**Assigned task**
In the entries below, which lines run from the one containing "Wopslot enhances gaming" to the one containing "Salt Lake Tribune"? Copy exactly those lines, ends included, and no others.

Data for this task Start Marker

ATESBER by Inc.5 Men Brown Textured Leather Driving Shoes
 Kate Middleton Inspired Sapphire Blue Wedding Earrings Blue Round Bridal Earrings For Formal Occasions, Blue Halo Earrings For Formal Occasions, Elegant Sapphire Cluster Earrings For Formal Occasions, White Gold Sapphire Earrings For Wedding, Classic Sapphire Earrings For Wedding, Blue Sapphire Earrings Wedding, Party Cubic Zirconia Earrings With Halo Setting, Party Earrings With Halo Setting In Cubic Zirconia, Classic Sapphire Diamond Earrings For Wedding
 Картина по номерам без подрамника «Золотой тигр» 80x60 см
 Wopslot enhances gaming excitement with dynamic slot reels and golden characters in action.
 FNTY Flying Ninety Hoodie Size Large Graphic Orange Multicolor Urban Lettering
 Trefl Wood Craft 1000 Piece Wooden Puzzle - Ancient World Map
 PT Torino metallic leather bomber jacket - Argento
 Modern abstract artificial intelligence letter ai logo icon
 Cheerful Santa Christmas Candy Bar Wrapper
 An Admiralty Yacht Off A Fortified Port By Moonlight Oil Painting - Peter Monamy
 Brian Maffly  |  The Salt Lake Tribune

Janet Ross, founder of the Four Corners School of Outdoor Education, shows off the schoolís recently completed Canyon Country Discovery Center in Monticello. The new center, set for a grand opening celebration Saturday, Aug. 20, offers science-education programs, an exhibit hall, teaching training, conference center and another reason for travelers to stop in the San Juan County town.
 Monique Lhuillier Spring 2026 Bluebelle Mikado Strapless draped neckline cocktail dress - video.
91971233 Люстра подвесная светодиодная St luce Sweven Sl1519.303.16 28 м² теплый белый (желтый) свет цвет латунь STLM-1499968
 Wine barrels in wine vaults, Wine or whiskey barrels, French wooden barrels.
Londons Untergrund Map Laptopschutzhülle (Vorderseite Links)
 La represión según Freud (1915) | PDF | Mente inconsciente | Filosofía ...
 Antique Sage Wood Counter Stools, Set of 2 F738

Data for this task End Marker

**Answer**
 Wopslot enhances gaming excitement with dynamic slot reels and golden characters in action.
 FNTY Flying Ninety Hoodie Size Large Graphic Orange Multicolor Urban Lettering
 Trefl Wood Craft 1000 Piece Wooden Puzzle - Ancient World Map
 PT Torino metallic leather bomber jacket - Argento
 Modern abstract artificial intelligence letter ai logo icon
 Cheerful Santa Christmas Candy Bar Wrapper
 An Admiralty Yacht Off A Fortified Port By Moonlight Oil Painting - Peter Monamy
 Brian Maffly  |  The Salt Lake Tribune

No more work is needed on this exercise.